Finding a home for Buster: How the HSUS works with shelter and rescue partners to help animals after disasters
The Humane Society of the United States steps in swiftly when called upon to help animals in the aftermath of major disasters, natural and man-made. But even in a situation in which we’re working to help transport and rescue hundreds of animals, we never lose sight of the individual, as a recent case in Alabama illustrates.
Our Animal Rescue Team members met Buster when they were on the ground in that state recently to assist local shelters after devastating tornadoes there. Buster’s owner had lost his home and he brought his beloved dog to the Lee County Humane Society. He was moving into a place where he couldn’t bring Buster with him.
Buster, a tan and black Shepherd mix, is a senior citizen at 13 years old. He is also a total sweetheart and within moments, with his sweet and friendly nature and his eagerness to give wags and kisses, he had won over the hearts of our team and the shelter staff.
Our general approach is to exhaust all opportunities to keep pets with their people, but we realized, with great sadness, that this was not a viable option for Buster. Our team was helping empty the Lee County shelter by moving dogs out to shelter partners in the Pacific Northwest so more dogs impacted by the tornadoes could move in. But Buster couldn’t simply be put on a plane because of his advanced age and pre-existing health conditions.
So our Shelter Outreach Director Kimberley Alboum reached out to partners in states nearby, to which Buster could travel more easily, including the Nashville Humane Association, which had agreed to take in some pets from Alabama. The shelter’s executive director, Laura Chavarria, agreed to help right away. She understood the need to find a special needs dog like Buster a comfortable home and family with whom to spend his golden years, and immediately began work with her team to find him the perfect placement. And she did, not long after: Buster would be going straight to a foster home through one of the Nashville Humane Association’s trusted partner groups, Real Dog Rescue. As our team and the Lee County Animal Shelter staff loaded Buster into our Animal Rescue Team truck, there was not a dry eye in the group.

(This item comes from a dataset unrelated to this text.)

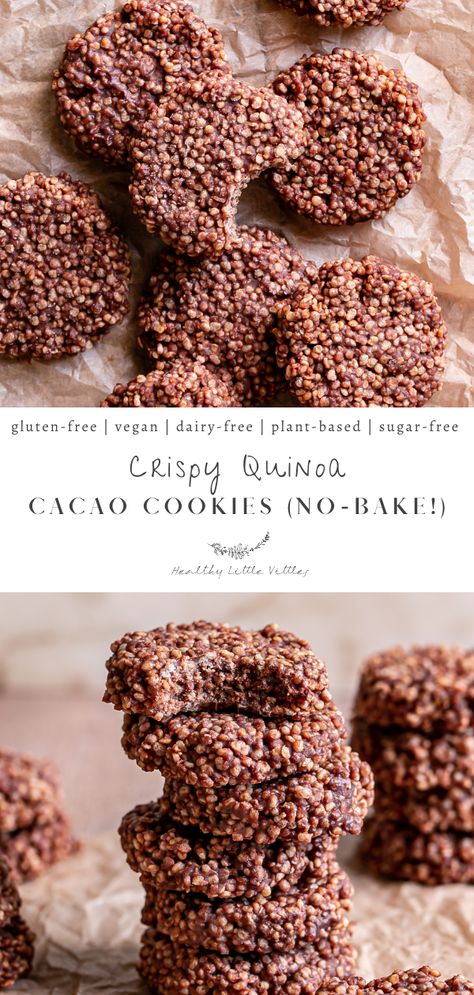 Quinoa Cookies Vegan, Crunchy Quinoa Chocolate, Healthy Quinoa Desserts, Healthy Dessert Cookies, Spirulina Cookies, Healthy Christmas Cookies Clean Eating, Quinoa Oatmeal Cookies, High Protein Cookies Healthy, Quinoa Rice Crispy Treats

Happy endings like these are possible not just because of the hard work of our dedicated staff but also thanks to our huge and amazing shelter and rescue partner network — made up of hundreds of animal shelters, rescue groups and other humane organizations around the country — which helps us ably in putting the needs of the animals first and ensuring the very best outcome for all of the rescues who pass through our hands. When disasters strike, we work to understand the needs of the community and loop in our partners and work with them to match up animals in need of help and homes with shelters where they will have the most favorable outcomes.
Our teams, regularly in contact with our shelter partners, have a unique understanding of the companion animal trends and needs throughout the United States. They work to ensure that placement is supported by capacity and a willing and able adoption community. There is no magic formula, but thanks to our dedicated staff and our supportive shelter and rescue partner network, we work with a national landscape in mind to ensure we are placing animals responsibly with partners who have ample capacity and expertise.
Sometimes, we end up transporting animals across the country. After the Alabama tornadoes, we transported 120 homeless pets from shelters there to our incredible partners in the Pacific Northwest. At other times, as in Buster’s case, we may look for help closer to home.
Buster is now happily ensconced in his foster home, and so are many of the other dogs we recently transported from Alabama. Thanks to our Shelter and Rescue Partner Program, and the work of our amazing Animal Rescue Team, there are dozens of such stories and happy endings happening around the country every day.